Friday, December 25, 2009
Chicken Chili
2 pounds skinless, boneless chicken breast halves or thighs, cut into 1-inch pieces
2 teaspoons ground cumin
1/4 teaspoon salt
1 tablespoon olive oil or cooking oil
1 16-ounce jar green salsa
1 16-ounce package frozen pepper stir-fry vegetables (yellow, green, and red sweet peppers, and onion)
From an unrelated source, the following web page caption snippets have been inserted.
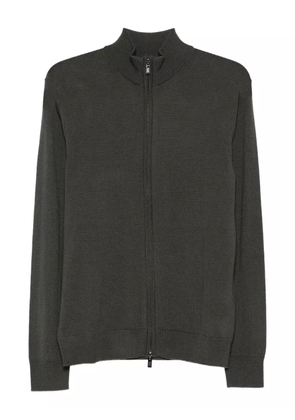 Emporio Armani zip-up wool sweater - Black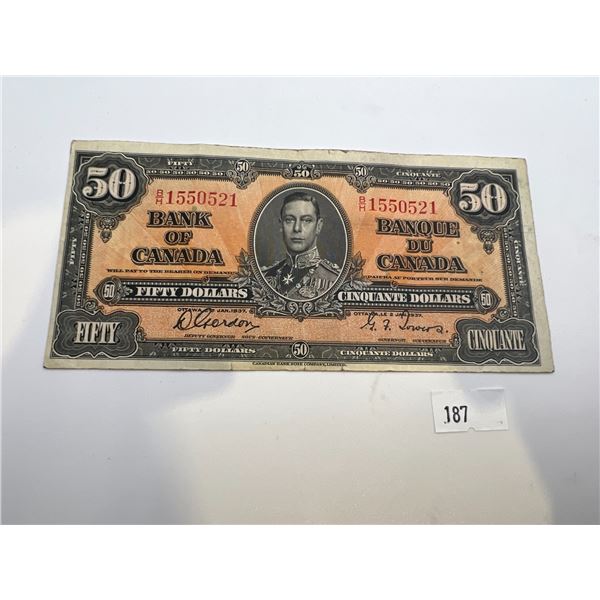 1937 Canada $50 Banknote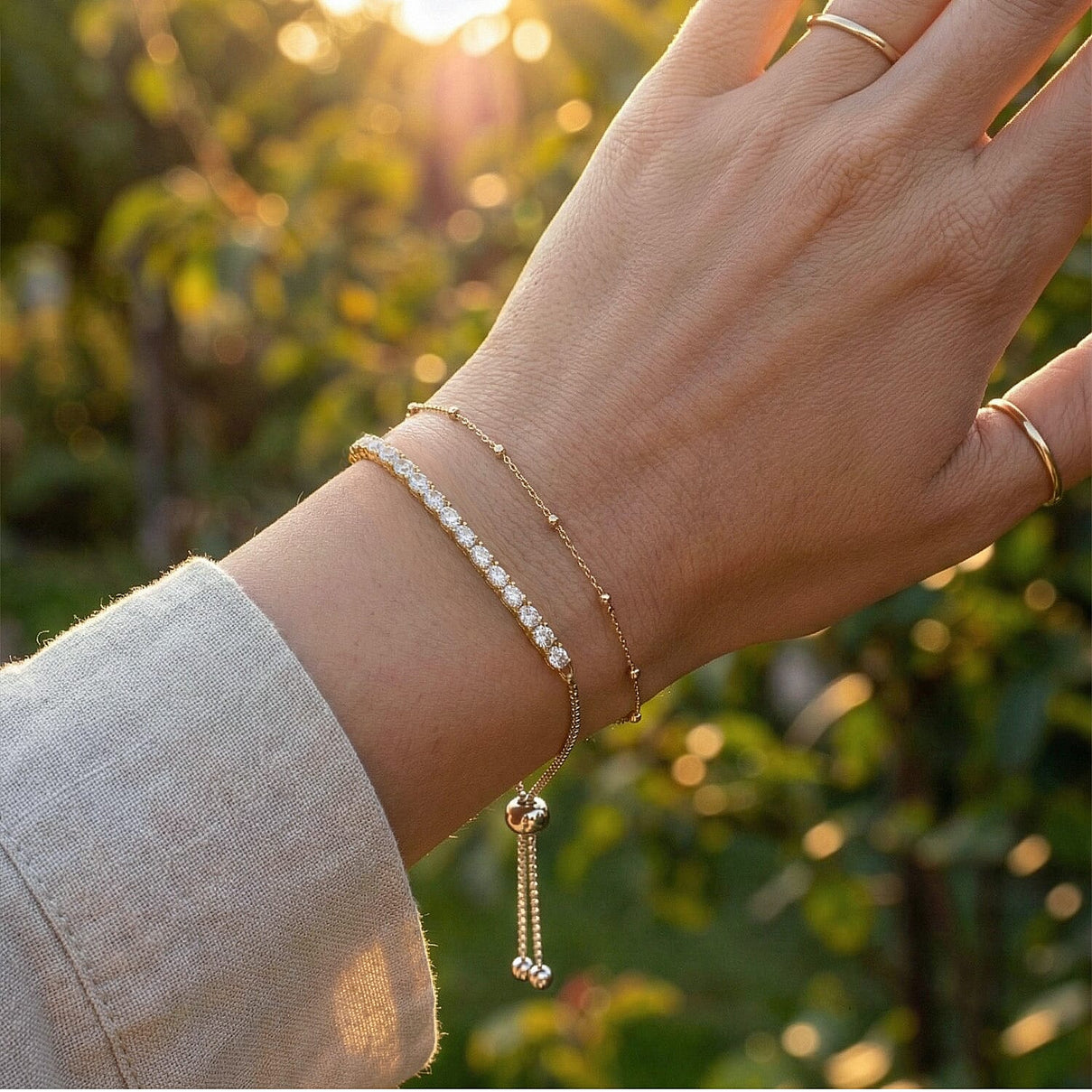 LUXURIANT 1 Ct. Lab Grown Diamond Chain Bracelet in 18K Vermeil Yellow Gold Plated Sterling Silver (SI/GH) (Up to 10.5 Inch) 8082326 4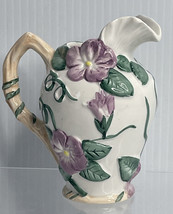 Vintage Fitz and Floyd Lidded Creamer Majolica Purple Flowers 1991 - £7.87 GBP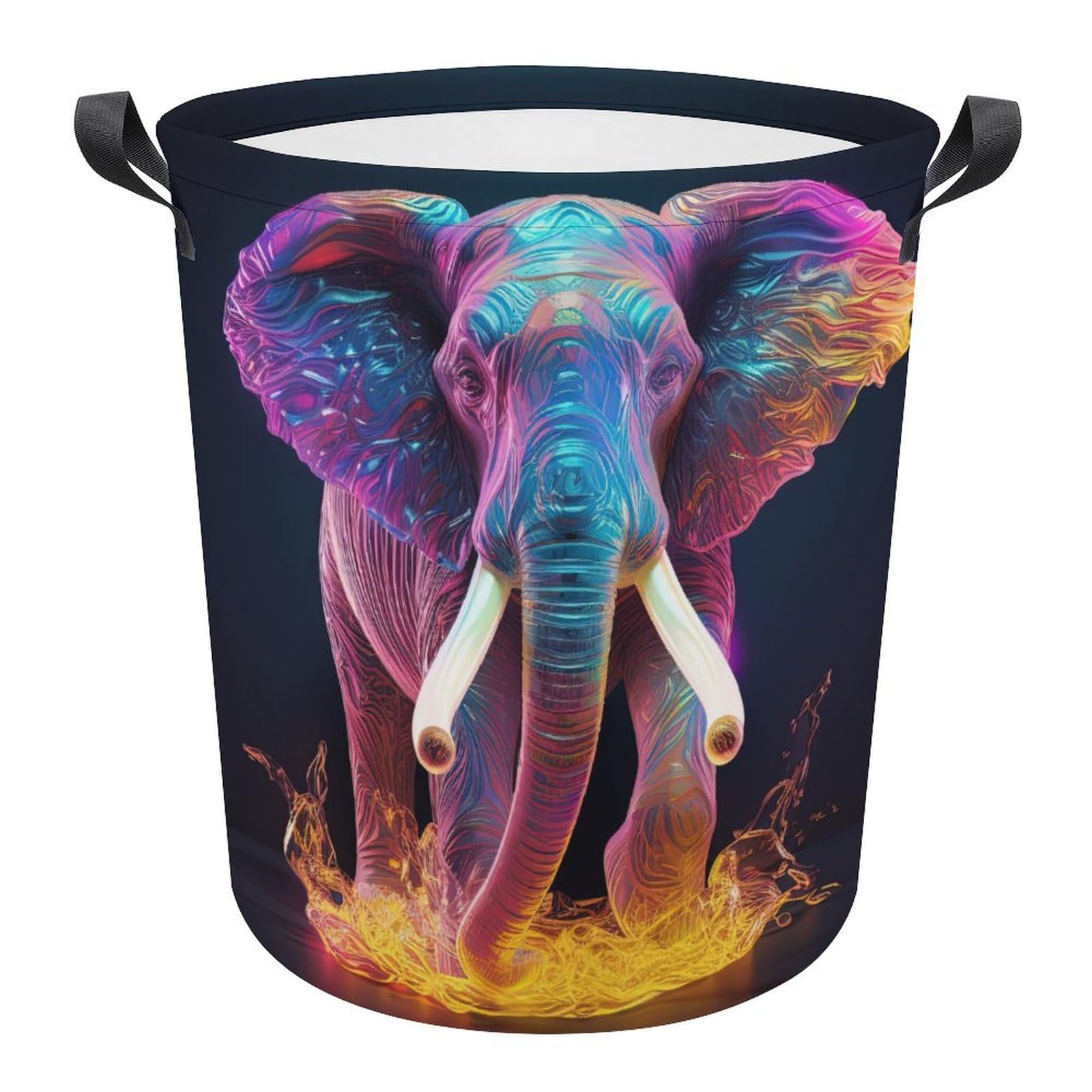 Cubo ropa sucia impermeable con asas reforzadas y diseño de animales salvajes 34x42cm
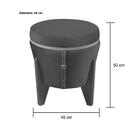 Puff Com Baú Redondo Flex 50 Cm Em Madeira Maciça Mesa Centro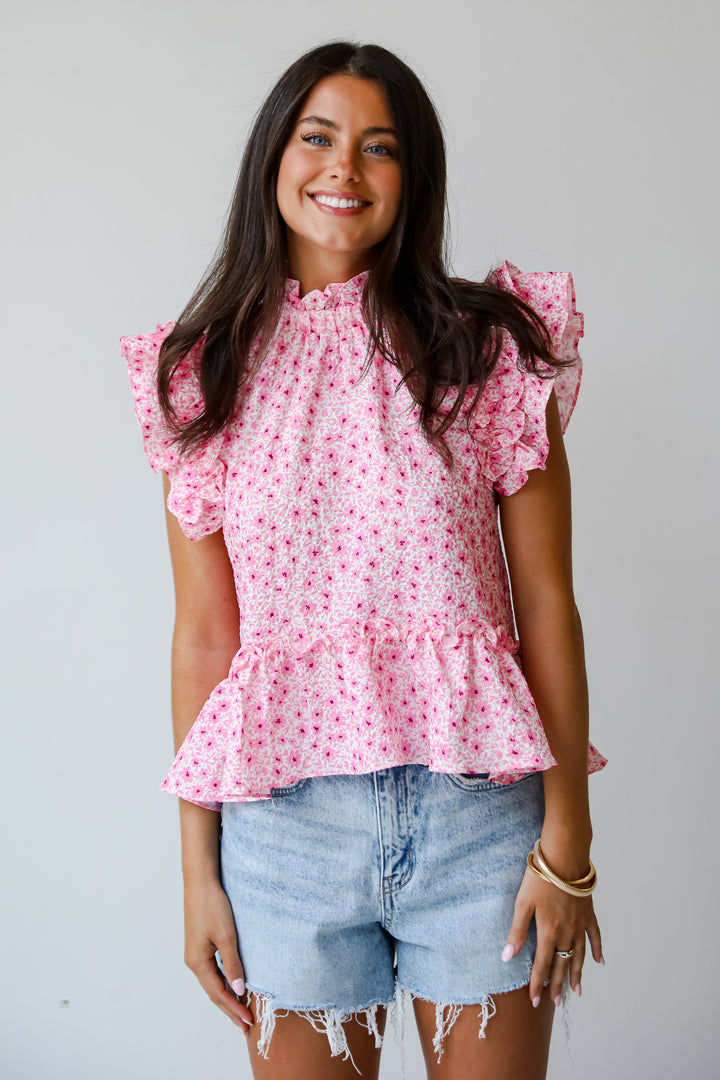 Sweetest Choice Pink Floral Blouse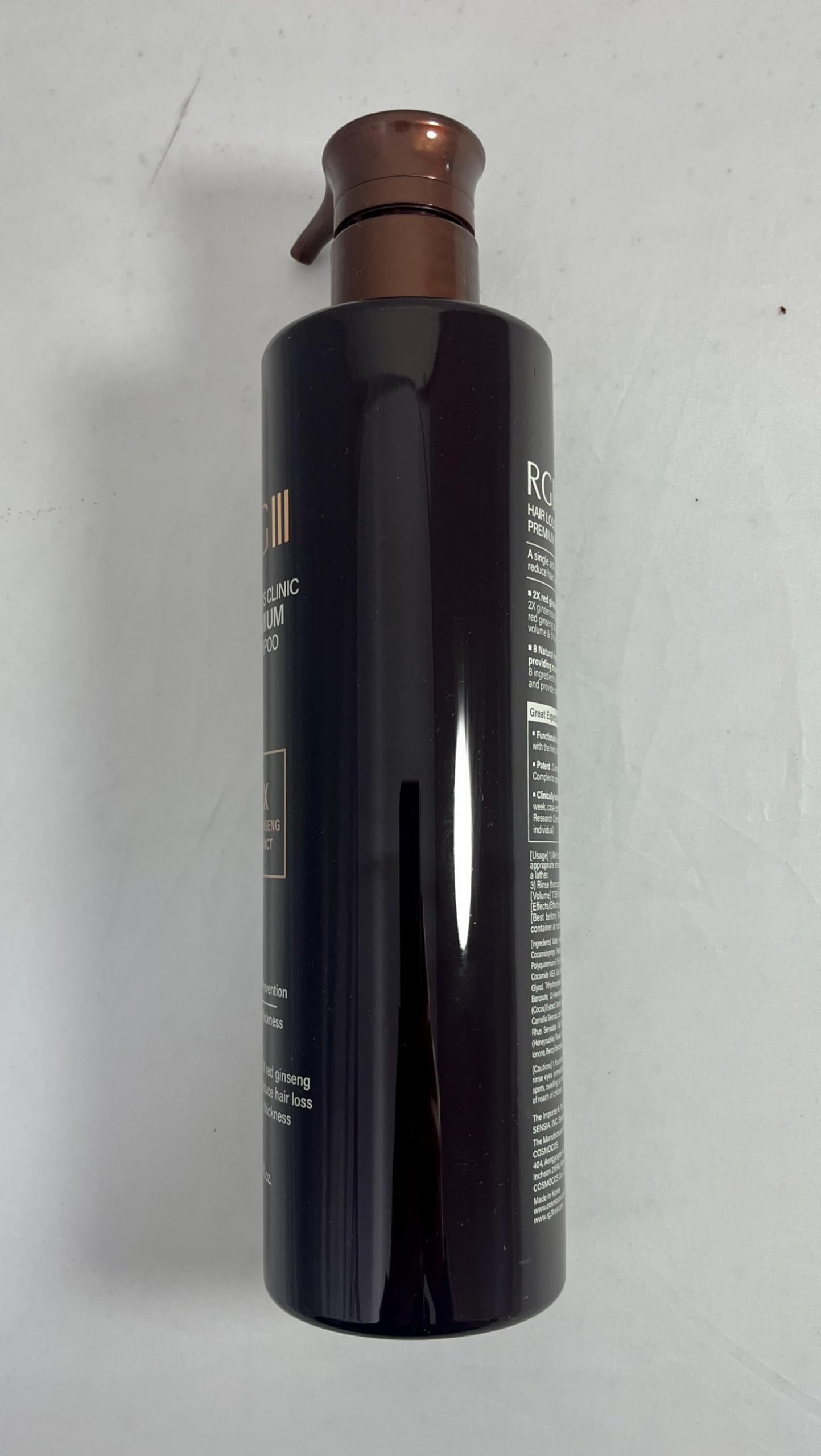Cosmocos hair regrowth treatment shampoo emphasizing the premium red ginseng formulation.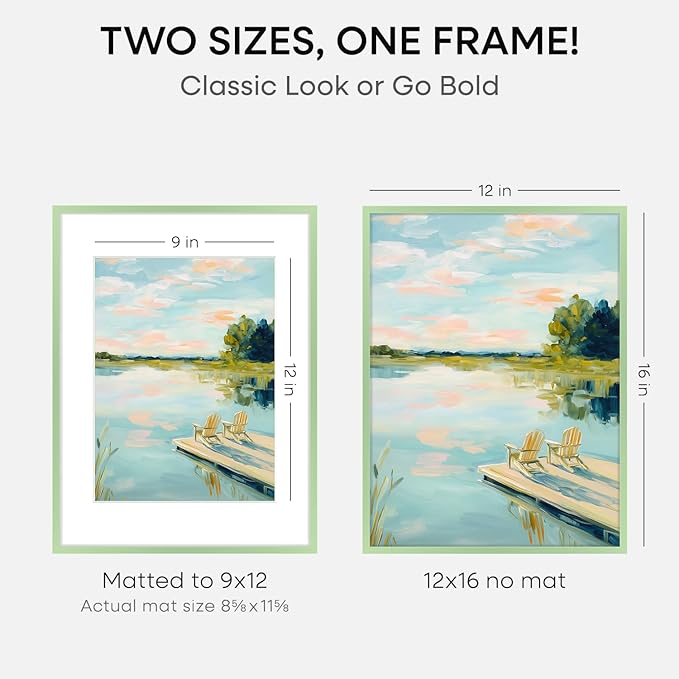 Homeforia 12x16 Sage Green Picture Frame, High End Metal 12x16 Poster Frames with Mat 9x12 Photo, 12 x 16 Sage Green Frame Matted to 9 by 12 Art, 16x12 Thin Frames, Tempered Glass, Wall Kit, Set of 1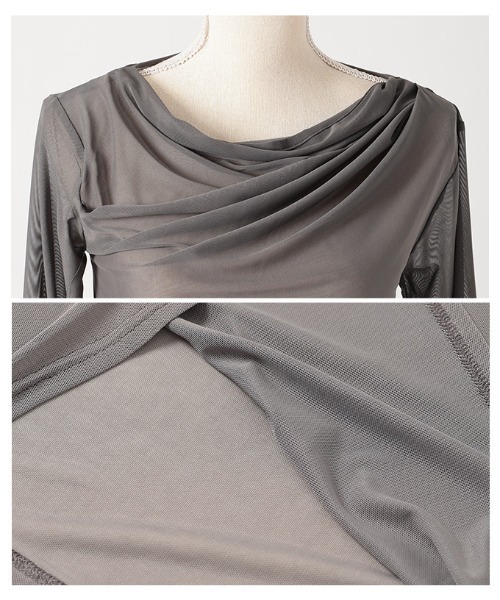 Sawa a la mode(サワアラモード)の「シアーボートネックプルオーバー(Tシャツ/カットソー・レディース・ブラック/オフホワイト/グレー・FREE)」の6枚目の写真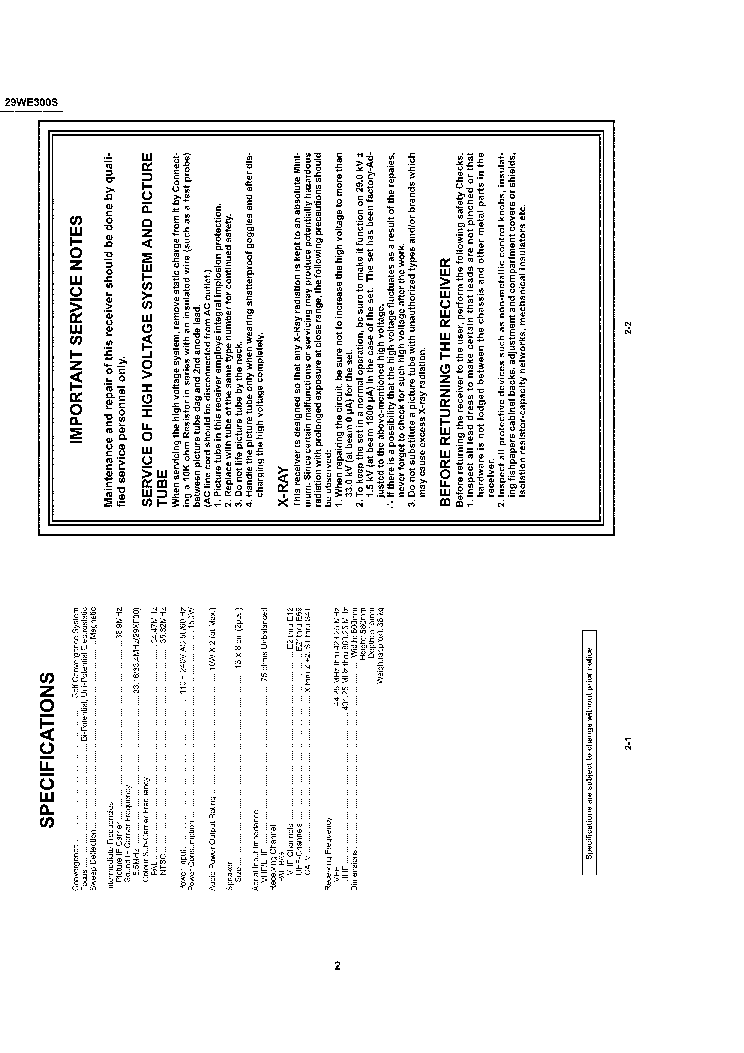 SHARP 29WE300S CH GB1 service manual (2nd page)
1 15-ounce can cannellini beans (white kidney beans), rinsed and drained
1 14.5-ounce can diced tomatoes with onion and garlic
Dairy sour cream (optional)
Shredded cheese (optional)
1. In a large bowl, toss chicken with cumin and salt to coat. In a large skillet, cook chicken, half at a time, in hot oil over medium heat until no longer pink. Drain off fat. Place chicken in a 4- or 5-quart slow cooker. Stir in salsa, stir-fry vegetables, beans, and undrained tomatoes.
2. Cover and cook on low-heat setting for 4 to 5 hours or on high-heat setting for 2 to 2-1/2 hours.
3. Reserve 3 cups of the chili; store as directed below. Serve remaining chili. If desired, top with sour cream and cheese. Makes 4 (1-1/2-cup) servings and reserves.